If you experience difficulty breathing after the procedure, you should go immediately to the nearest hospital emergency department.

How long does a thyroid FNA take? keyboard_arrow_down

The entire procedure takes approximately half an hour and you may be observed for a short time afterwards before going home.

What are the risks of a thyroid FNA? keyboard_arrow_down

FNA is a very safe procedure and is considered very low risk for most people, because the needle that is used is so small. 

There are two reasonably common risks and several rare risks involved. The most common risk is an uncertain diagnosis, even after the tissue sample is looked at thoroughly by the pathologist. This happens up to 20% of the time. 

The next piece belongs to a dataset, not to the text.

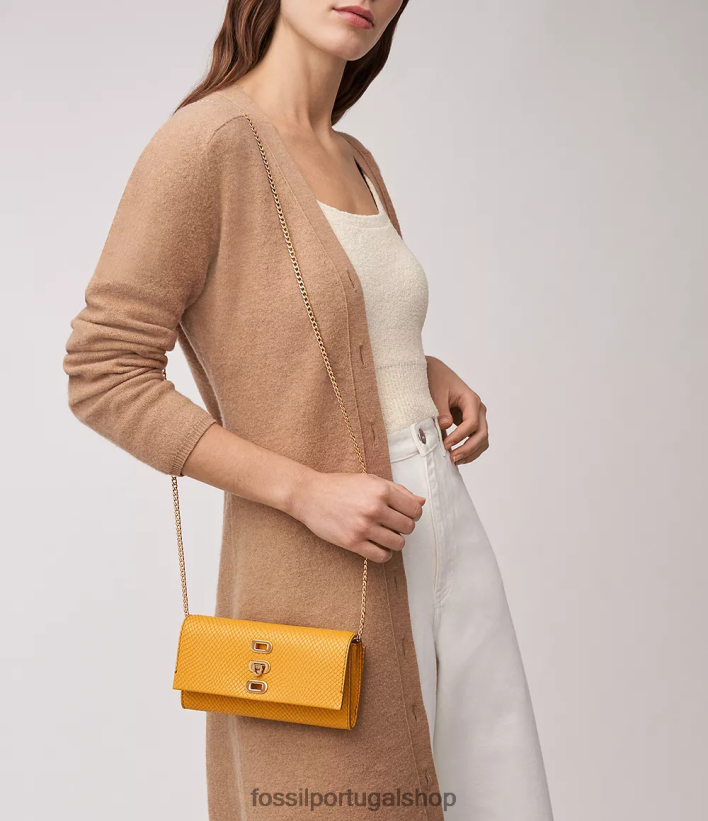 Fossil mulheres carteira penrose crossbody amarelo bolsa 40NJ6Z333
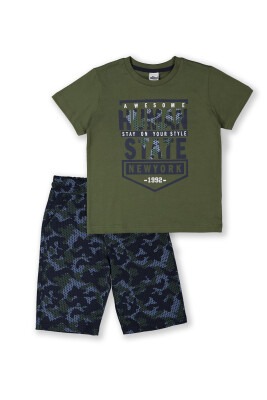 Wholesale Boys 2-Piece T-shirt and Shorts Set 8-14Y Elnino 1025-22160 Хаки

The second most common risk is bleeding at the site of the FNA. This happens to approximately one in ten people, and generally produces some local pain, tenderness and a lump. Simple over-the-counter pain medication is generally sufficient to help the pain and settle the swelling over a few days. It is best to avoid aspirin for pain relief unless you are taking this daily for other reasons. Aspirin makes it harder for blood to clot, so paracetamol is better if you need to take something for pain after the thyroid FNA.

Major haemorrhage, enough to cause compression of your airway and problems breathing, is very rare (less than 1 in 1000 people). You need to go to a hospital emergency department immediately if this happens, and sometimes surgery is needed to stop the bleeding, but this is very rare. 

Rarer complications after thyroid FNA include:

  • General swelling of the thyroid or neck area that is not painful and not related to bleeding.
  •  Change in voice (hoarseness). This can be a result of temporary injury of one of the nerves near the thyroid. It generally goes away over weeks to months when the nerve recovers.
  • Difficulty swallowing.
  • Temporarily abnormally increased thyroid function. This is thought to be a result of stimulation of the release of thyroid hormones by the FNA. It is very rare, but can produce excessive sweating or a ‘racing’ pulse or chest ‘palpitations’. 

If any of these things happen to you, you should see your doctor.

What are the benefits of a thyroid FNA? keyboard_arrow_down

A FNA is a low-risk procedure that can be carried out in a short time as a day procedure. Usually you can return to your normal activities within an hour. In most cases, the FNA will tell your doctor whether or not the nodule is cancerous, but sometimes two FNA procedures are needed confirm this.

How do I get my results? keyboard_arrow_down

Your doctor will receive a written report on your test as soon as is practicable.

It is very important that you discuss the results with the doctor whom referred you so that they can explain what the results mean for you.